Parameter-Free Clustering via Self-Supervised Consensus Maximization (Extended Version)
Lijun Zhang, Suyuan Liu, Siwei Wang, Shengju Yu, Xueling Zhu, Miaomiao Li, Xinwang Liu
TL;DR
SCMax tackles the longstanding problem of hyperparameter-sensitive clustering by delivering a fully parameter-free framework that unifies hierarchical agglomerative clustering with self-supervised representation learning and a nearest-neighbor consensus evaluation. At each merge step, a structure-aware representation is refined via a self-supervised task, and the Nearest Neighbor Consensus score measures alignment between merges in the original and self-supervised spaces to automatically identify the optimal cluster count $K^*$. The key contributions are (i) a parameter-free cluster-number generation via nearest-neighbor merging, (ii) a contrastive perturbation mechanism driven by cluster labels, (iii) the NNC metric for automatic structure evaluation without thresholds, and (iv) a scalable analysis showing competitive clustering performance and efficient computation across datasets. Together, these elements enable robust, scalable clustering without prior knowledge of the number of clusters, with practical impact for open-world data analysis and real-world deployments where Hyperparameters are hard to preset.
Abstract
Clustering is a fundamental task in unsupervised learning, but most existing methods heavily rely on hyperparameters such as the number of clusters or other sensitive settings, limiting their applicability in real-world scenarios. To address this long-standing challenge, we propose a novel and fully parameter-free clustering framework via Self-supervised Consensus Maximization, named SCMax.

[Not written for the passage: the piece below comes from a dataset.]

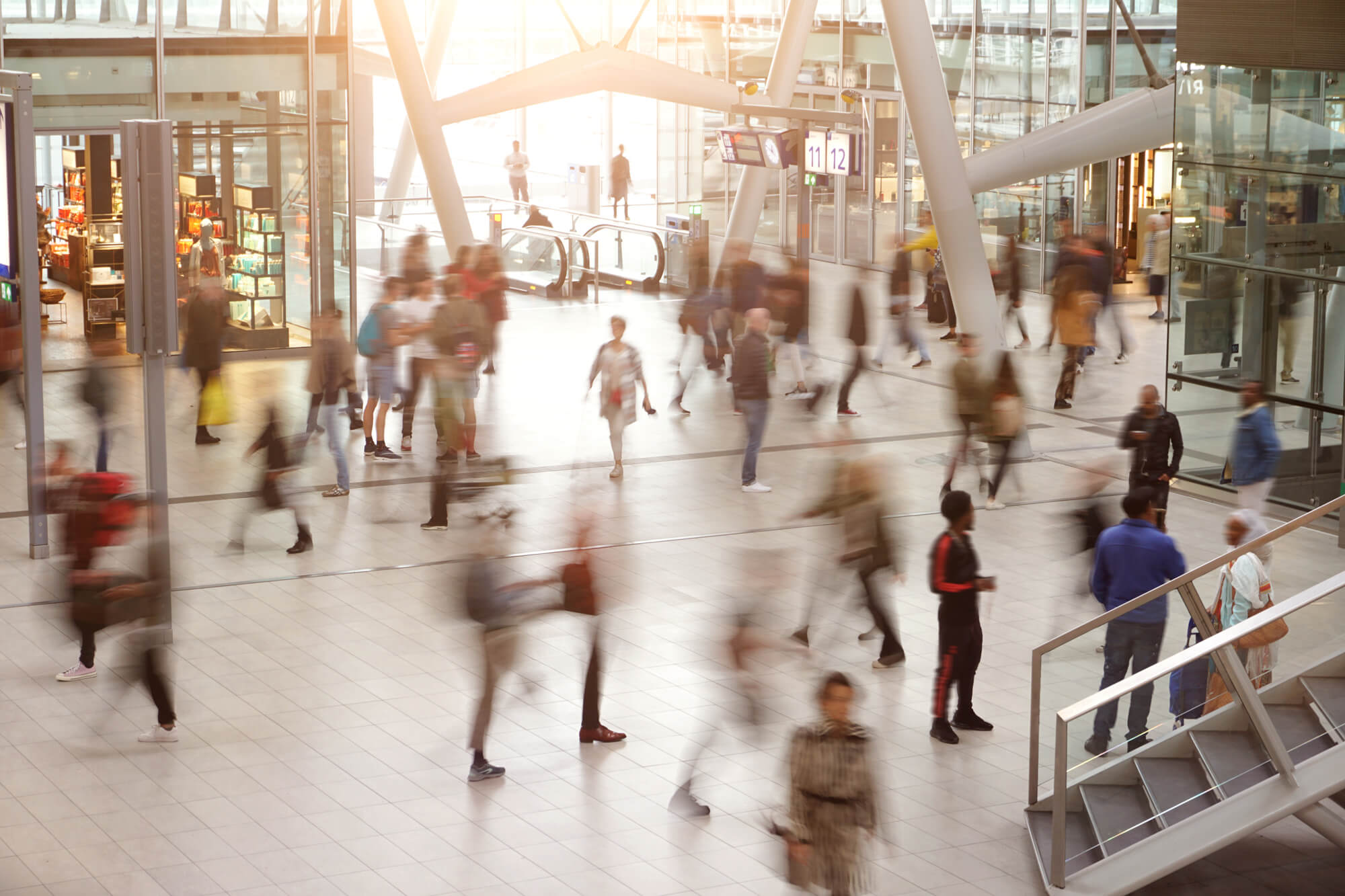 A busy airport terminal with blurred motion of people walking in various directions, reflecting the fast-paced environment of travel.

Our framework performs hierarchical agglomerative clustering and cluster evaluation in a single, integrated process. At each step of agglomeration, it creates a new, structure-aware data representation through a self-supervised learning task guided by the current clustering structure. We then introduce a nearest neighbor consensus score, which measures the agreement between the nearest neighbor-based merge decisions suggested by the original representation and the self-supervised one. The moment at which consensus maximization occurs can serve as a criterion for determining the optimal number of clusters. Extensive experiments on multiple datasets demonstrate that the proposed framework outperforms existing clustering approaches designed for scenarios with an unknown number of clusters.